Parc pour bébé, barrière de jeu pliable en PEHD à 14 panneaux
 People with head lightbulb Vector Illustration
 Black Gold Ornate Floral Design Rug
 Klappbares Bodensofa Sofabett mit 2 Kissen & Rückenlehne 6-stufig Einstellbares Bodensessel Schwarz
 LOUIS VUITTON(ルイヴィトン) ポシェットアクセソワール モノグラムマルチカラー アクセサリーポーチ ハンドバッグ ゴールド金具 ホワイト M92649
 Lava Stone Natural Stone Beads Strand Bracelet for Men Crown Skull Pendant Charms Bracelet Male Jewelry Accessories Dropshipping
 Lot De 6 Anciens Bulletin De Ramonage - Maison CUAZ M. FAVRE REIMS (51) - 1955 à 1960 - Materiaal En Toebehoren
━━━━━━
TASK INSTRUCTIONS: What do the lines from the one with "Klappbares Bodensofa Sofabett" through the last line of the entries say? Print them word for word, both ends included, and nothing else.

RESPONSE:
 Klappbares Bodensofa Sofabett mit 2 Kissen & Rückenlehne 6-stufig Einstellbares Bodensessel Schwarz
 LOUIS VUITTON(ルイヴィトン) ポシェットアクセソワール モノグラムマルチカラー アクセサリーポーチ ハンドバッグ ゴールド金具 ホワイト M92649
 Lava Stone Natural Stone Beads Strand Bracelet for Men Crown Skull Pendant Charms Bracelet Male Jewelry Accessories Dropshipping
 Lot De 6 Anciens Bulletin De Ramonage - Maison CUAZ M. FAVRE REIMS (51) - 1955 à 1960 - Materiaal En Toebehoren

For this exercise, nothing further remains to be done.